En route pour la bibliothèque à bord du Poudlard Express
C’est en 1997 que parut à Londres le premier tome d’une série de livres qui, en quelques années, allait initier une renaissance mondiale de la lecture. Cette année-là, les enfants et les adultes du monde entier ont entendu parler pour la première fois d’un certain Harry Potter, un garçon de onze ans qui cherche la voie 9¾ à la gare londonienne de King’s Cross pour prendre le Poudlard Express à destination de la célèbre école de sorcellerie. Et c’est précisément durant cette même année 1997, à moins de dix minutes à pied de King’s Cross, dans le quartier de St Pancras, que l’une des plus grandes bibliothèques et institutions de recherche du monde a ouvert ses nouveaux locaux : la British Library.

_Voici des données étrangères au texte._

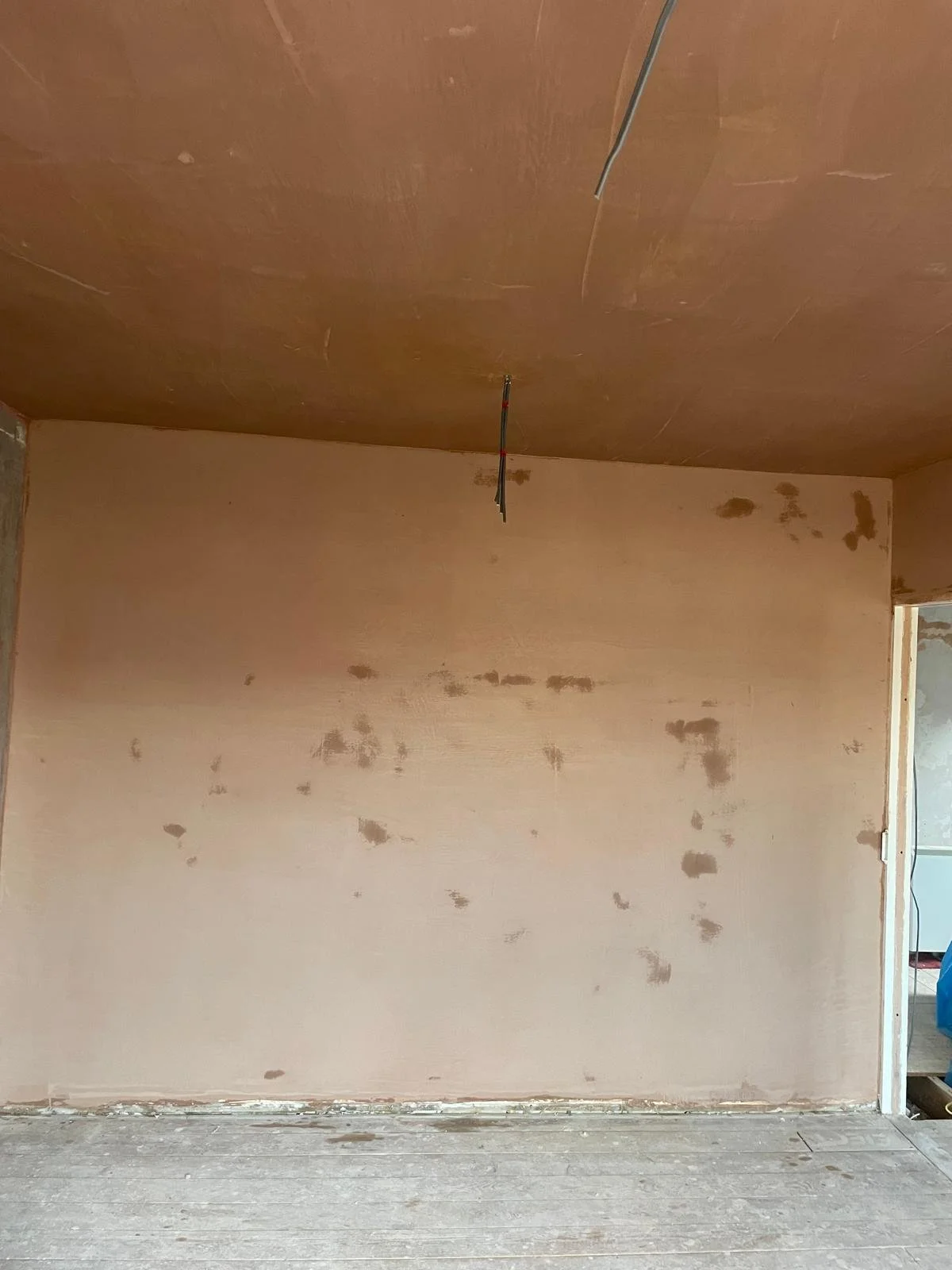 An unfinished room with a drywall wall showing patches of mud and an unpainted wooden ceiling. Electrical wires hang from the ceiling.
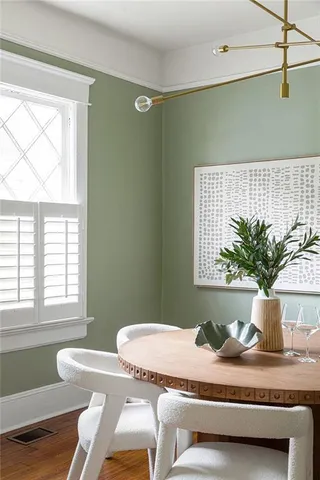 a kitchen with a sink a potted plant and a window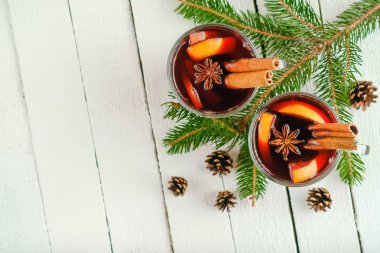 Elma, portakal, tarçın ve yıldız anasonlu cam bardaklarda sıcak şarap. Karanlık bir arka planda, köknar dalı fotokopi alanı olan sıcak Noel içeceği..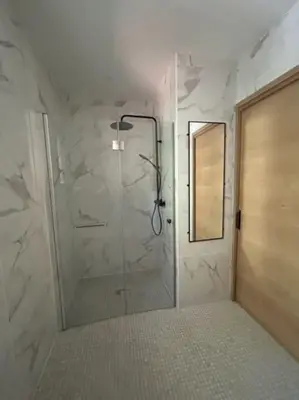 a bathroom with a shower with a glass door at Casa del Sola in Mosset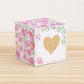 Paper cube with a big gold heart on the front and pink floral designs all around. It is on a wooden table.
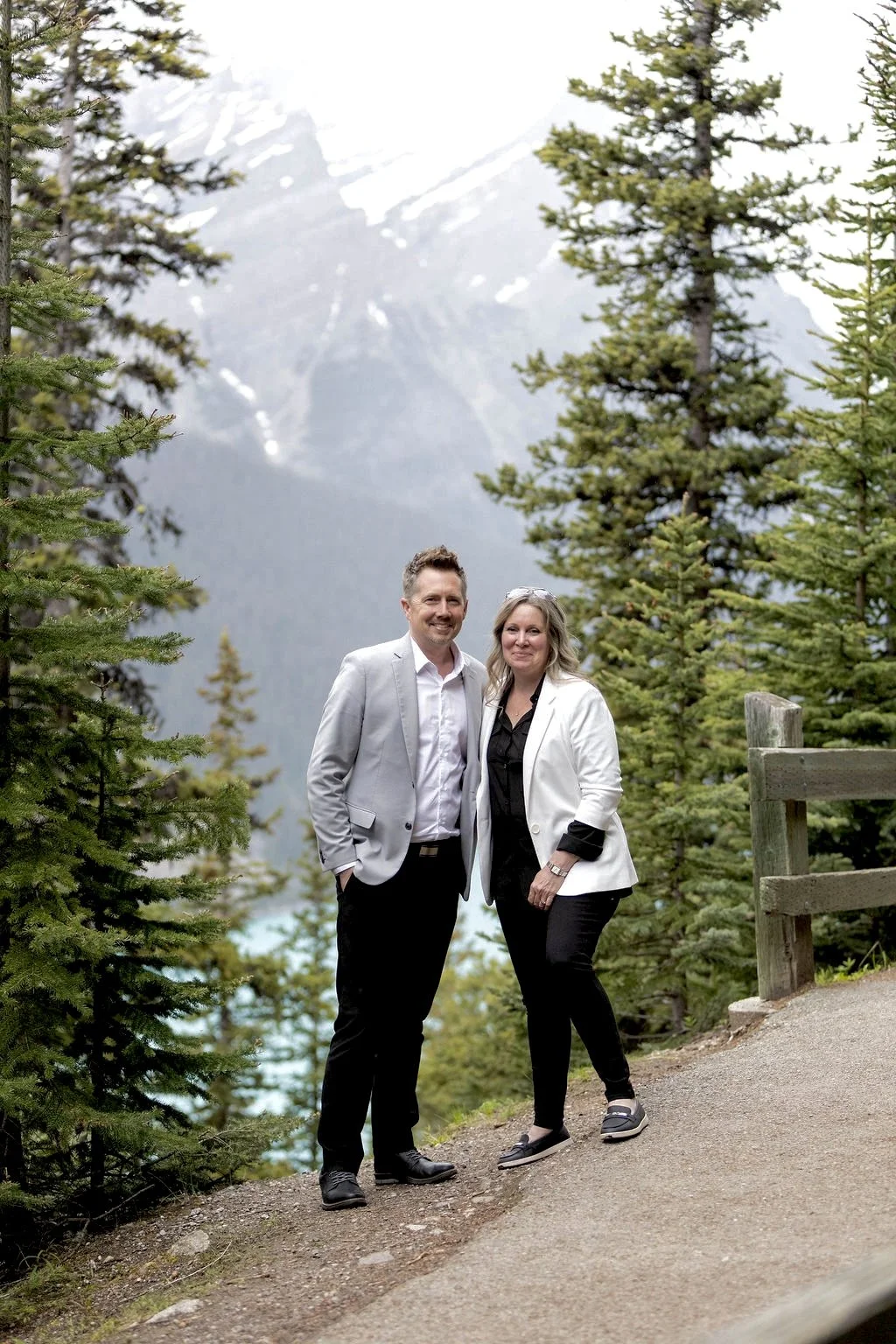 A man and woman smiling outdoors in a mountainous forest area, dressed in business casual attire, with snow-capped peaks in the background.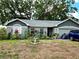 Charming single-story home featuring a well-kept lawn, two-car garage, and mature shade trees at 2114 W Hanna Ave, Tampa, FL 33604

La British Library, dans sa forme actuelle, est une création relativement récente. Elle est née du British Library Act de 1972, qui fusionna l’année suivante plusieurs bibliothèques londoniennes avec celle du British Museum. Ces regroupements firent de la British Library une institution majeure, bien qu’elle ne dispose de son propre bâtiment que depuis 1997.

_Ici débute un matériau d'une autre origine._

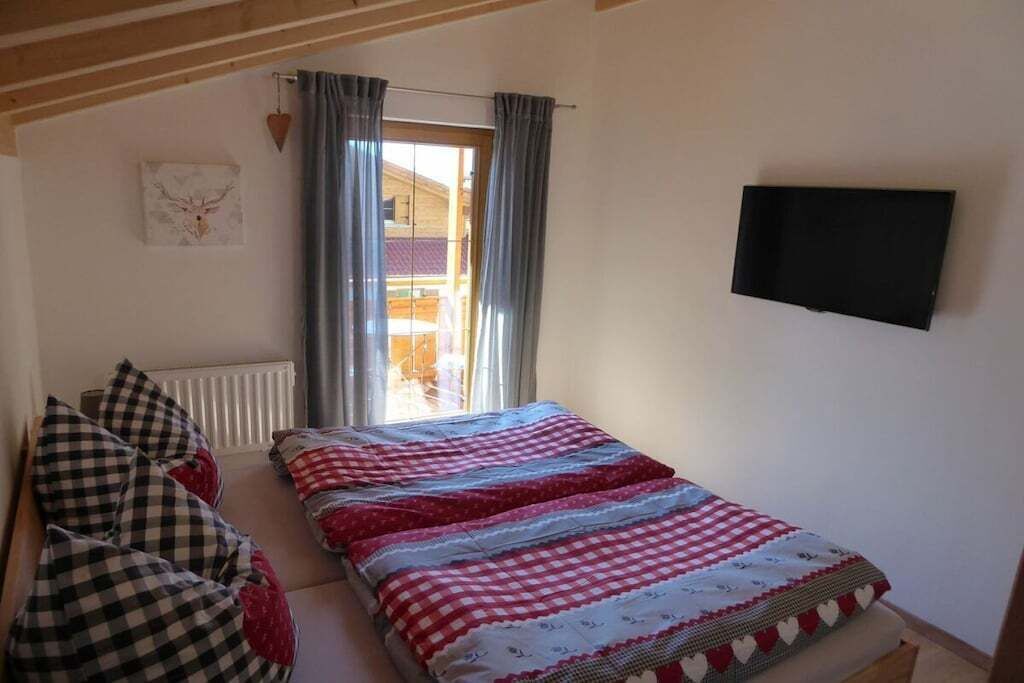 Een slaapkamer met een bed, een raam met gordijnen, een radiator, een flatscreen televisie en een aan de muur hangend schilderij.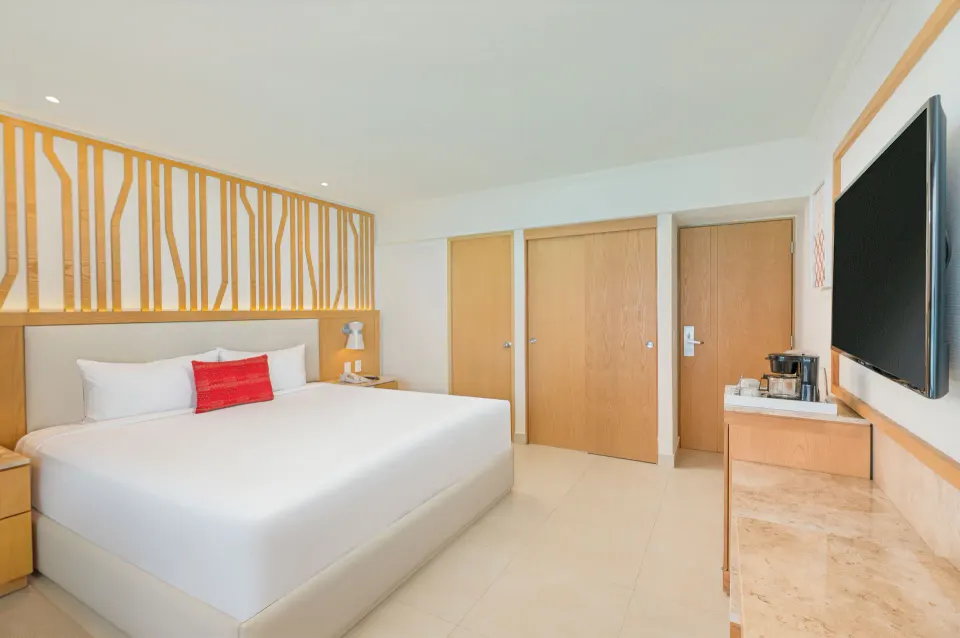 Deluxe king bed guest room with TV and wood accents at Royal Solaris Cancun.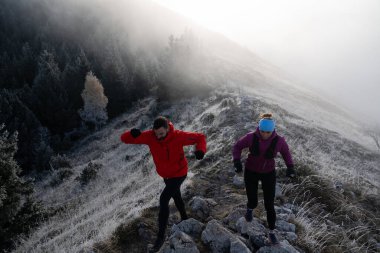 Dağ yolunda koşan bir çiftin izini sürüyorum. Bir çift sabahın erken saatlerinde kros koşusu yapıyor..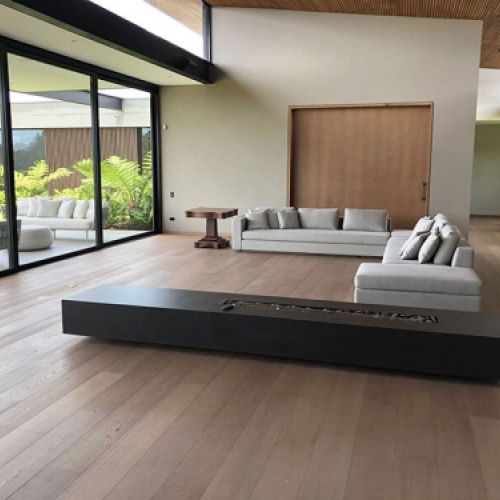 Amplio salón con ventanal y tarima de madera en tono roble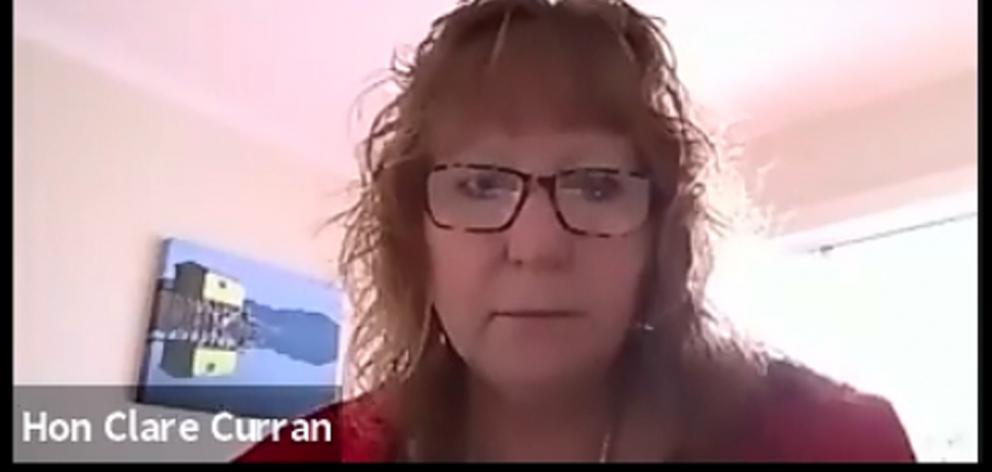 Clare Curran addresses a select committee from home with a painting of a peninsula landscape...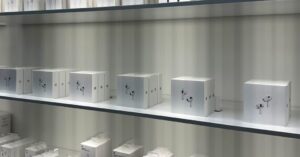AirPods boxes displayed on store shelves for model selection and buying guide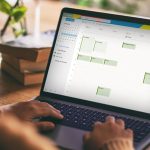 Eine Person blickt auf ein Notebook. Dort ist die Kalenderansicht von Microsoft Outlook ge&ouml;ffnet.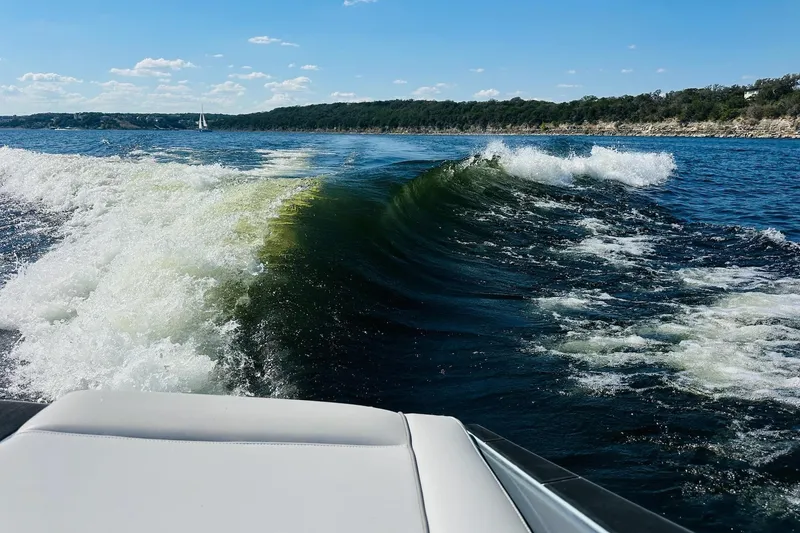 Slide: The Image of 2021 Supreme ZS232 boat creating waves on a sunny lake. - 24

Ce processus de fusions et de rassemblements fait partie intégrante de l’histoire de la British Library, qui a vu le jour dès 1753 avec l’intégration de plusieurs grandes bibliothèques privées à celle du British Museum. Le point de départ en fut la donation de plus de 71 000 objets par le naturaliste et médecin royal Hans Sloane. S’ajoutèrent ensuite la Harleian Collection, une collection de manuscrits rassemblée par l’homme d’État Robert Harley et son fils, ainsi que la Cotton Library, impressionnante bibliothèque manuscrite constituée par le politicien Robert Bruce Cotton, décédé en 1631. Le couronnement de cette bibliothèque muséale intervint en 1757, lorsque le roi George II en personne fit intégrer sa propre collection de quelque 17 000 volumes à l’ensemble – une collection dont les origines remontent au roi Édouard IV au XVe siècle. Au fil des siècles, la collection s’est considérablement étoffée. Ses trésors les plus anciens datent de 1600 av. J.-C. (!) – et elle s’enrichit chaque jour. Une particularité de la British Library est qu’elle n’impose aucune limite chronologique ou géographique : elle accueille des livres de toutes les époques et de tous les pays, quelle que soit la langue. Rien que sur le thème « Harry Potter », elle réunit plus de 570 publications différentes.

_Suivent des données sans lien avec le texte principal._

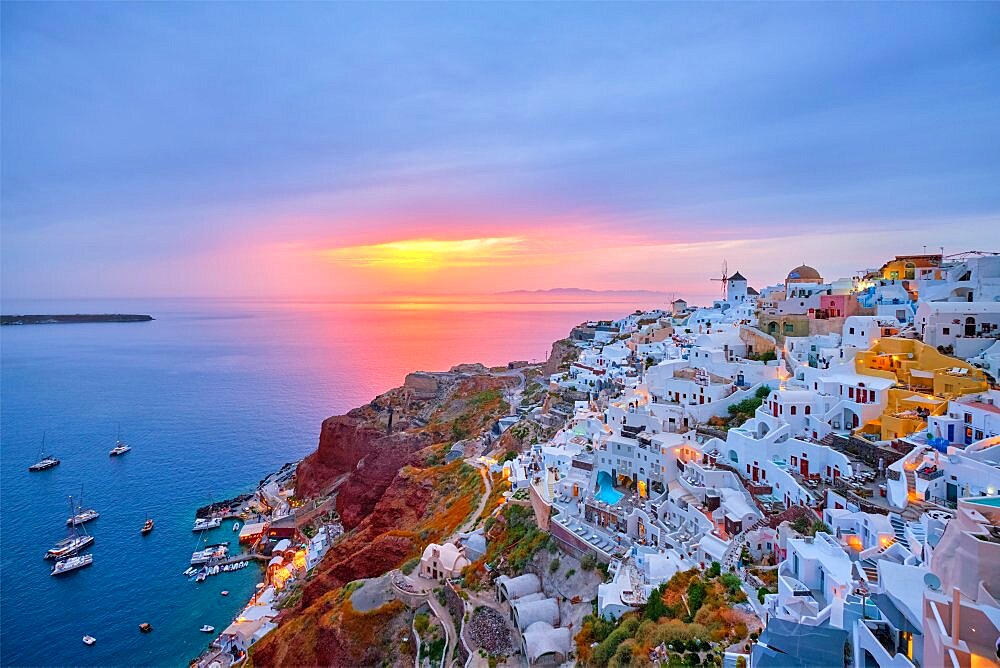 Famous greek iconic selfie spot tourist destination Oia village with traditional white houses and windmills in Santorini island on sunset in twilight, Greece, Europe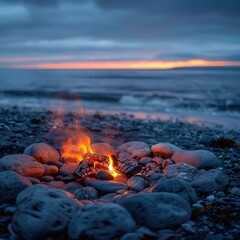A bonfire surrounded by smooth stones on a quiet beach, with an endless horizon and darkening sky.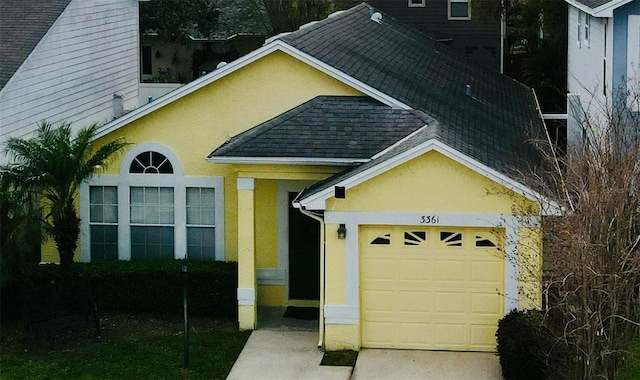 view of front of property with a garage, concrete driveway, roof with shingles, and stucco siding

En tant que plus grande collection de médias et deuxième plus grande bibliothèque du monde, la British Library abrite 1,6 million de partitions, y compris des œuvres imprimées, des copies manuscrites et des autographes de compositeurs et compositrices de toutes époques et origines – jusqu’aux textes de chansons manuscrits des Beatles. Les documents musicaux de l’époque baroque, période correspondant plus ou moins à la fondation officielle de la bibliothèque, sont d’un intérêt particulier : ici, l’âge d’or de l’histoire de la musique rejoint les ambitions bibliothécaires dans une fructueuse convergence.